## [SUPPLIED INFORMATION]
☆ ☆ ☆ ☆ ☆ ☆ ☆

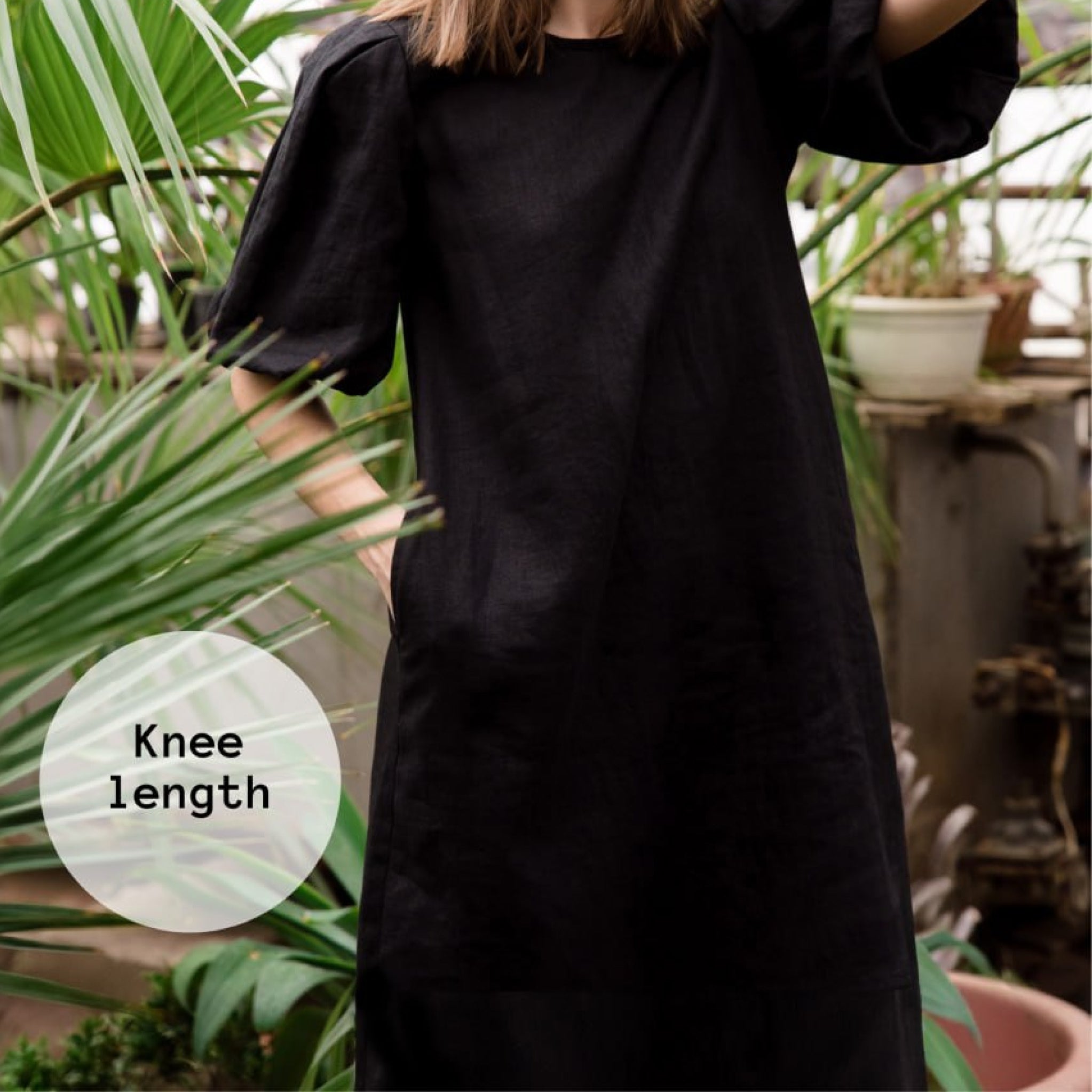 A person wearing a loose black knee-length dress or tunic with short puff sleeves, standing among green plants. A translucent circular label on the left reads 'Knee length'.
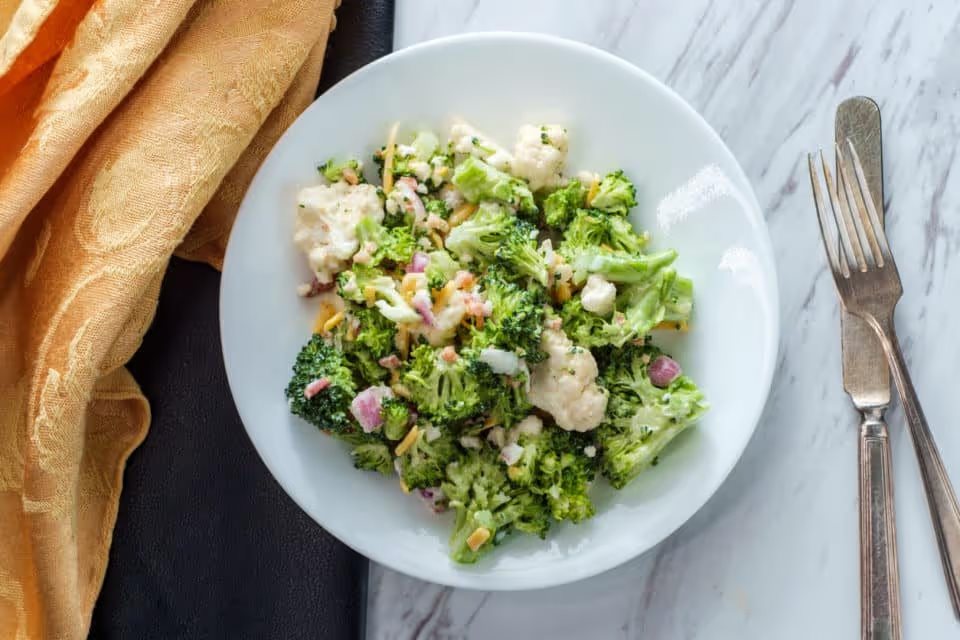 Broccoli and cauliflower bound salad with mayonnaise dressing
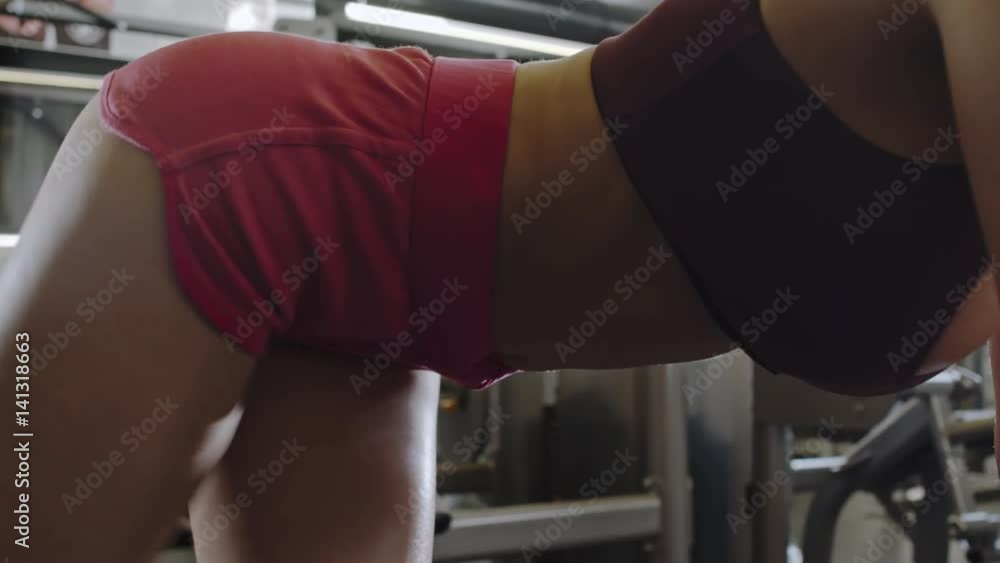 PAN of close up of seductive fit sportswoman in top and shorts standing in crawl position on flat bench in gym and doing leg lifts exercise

☆ ☆ ☆ ☆ ☆ ☆ ☆

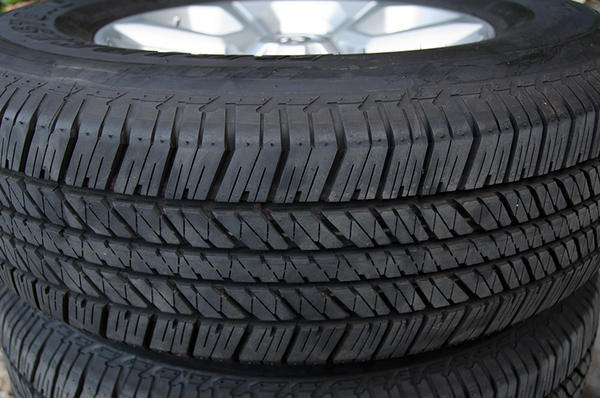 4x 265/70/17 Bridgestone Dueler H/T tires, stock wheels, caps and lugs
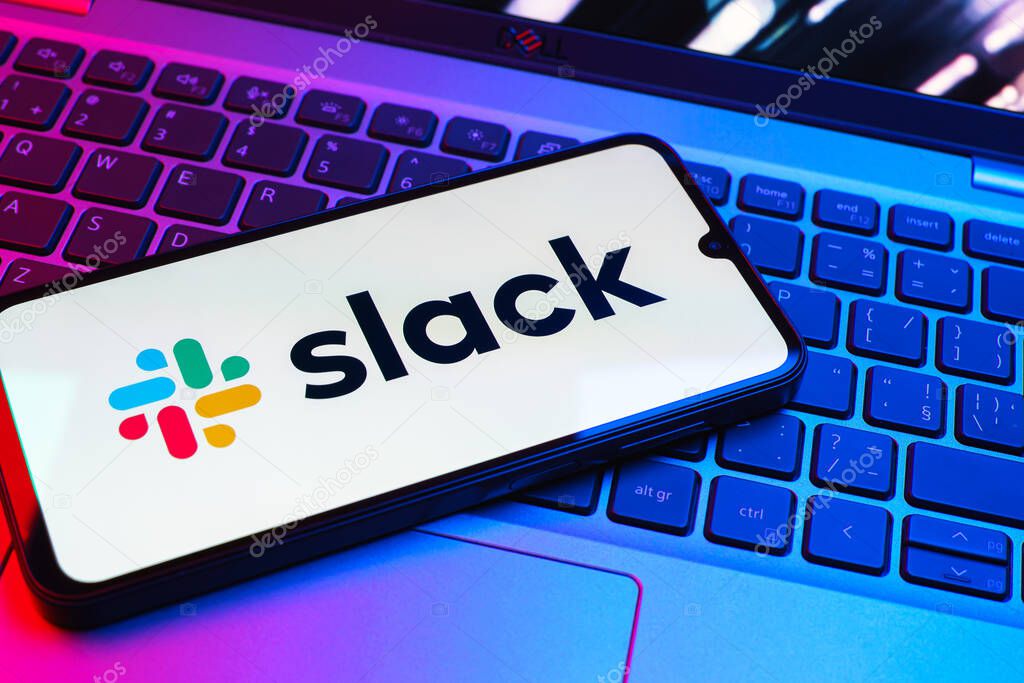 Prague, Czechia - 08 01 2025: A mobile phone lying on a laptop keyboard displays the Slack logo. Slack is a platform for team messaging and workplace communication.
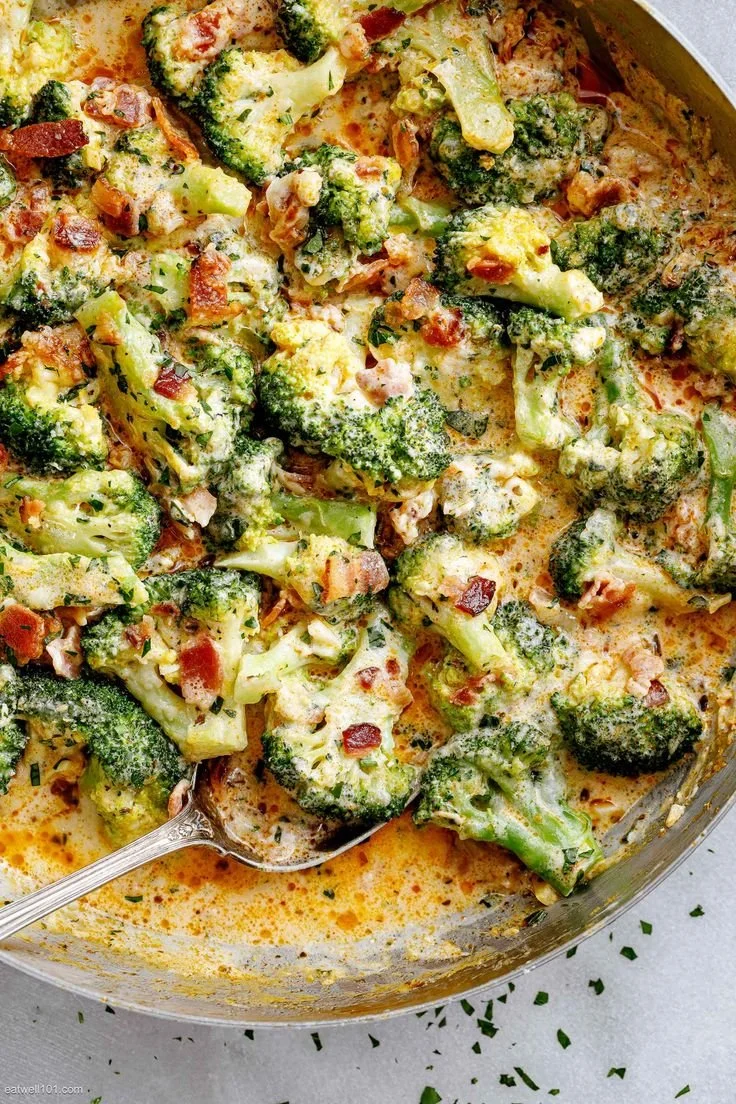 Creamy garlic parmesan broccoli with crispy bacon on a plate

☆ ☆ ☆ ☆ ☆ ☆ ☆

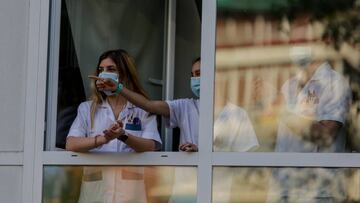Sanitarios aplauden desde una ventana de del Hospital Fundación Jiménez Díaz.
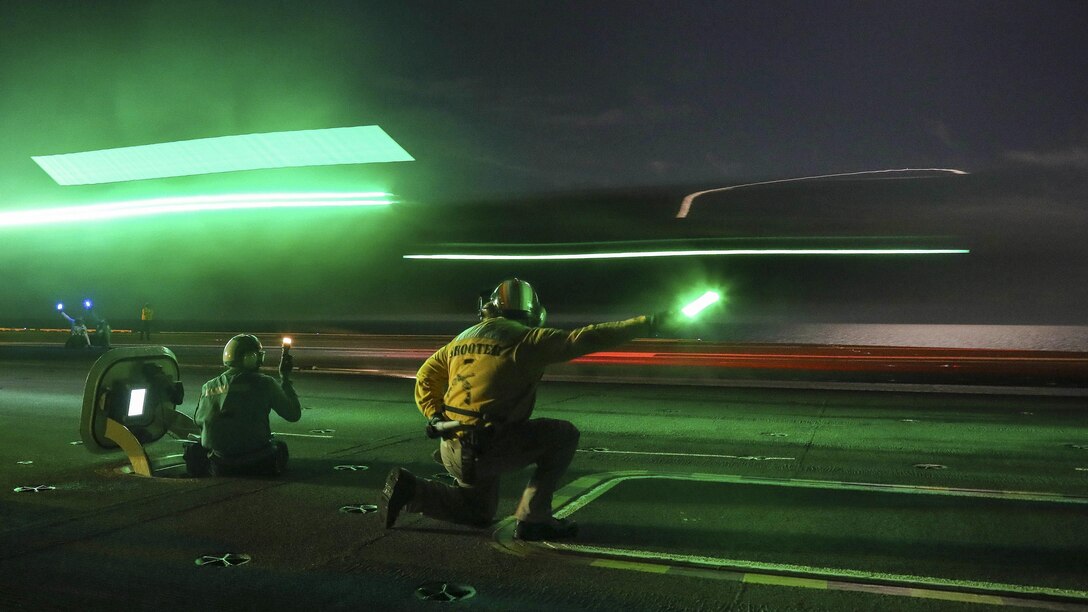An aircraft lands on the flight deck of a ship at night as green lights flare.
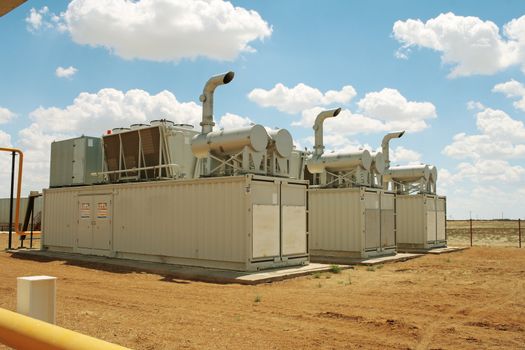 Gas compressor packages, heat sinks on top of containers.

☆ ☆ ☆ ☆ ☆ ☆ ☆

## [THE PROBLEM]
Write down exactly what the lines above say, from the line holding "4x 265/70/17 Bridgestone" through the line holding "Creamy garlic parmesan", and nothing more. Do not copy the pictures.

## [SOLUTION TO THE EXERCISE]
 4x 265/70/17 Bridgestone Dueler H/T tires, stock wheels, caps and lugs
 Prague, Czechia - 08 01 2025: A mobile phone lying on a laptop keyboard displays the Slack logo. Slack is a platform for team messaging and workplace communication.
 Creamy garlic parmesan broccoli with crispy bacon on a plate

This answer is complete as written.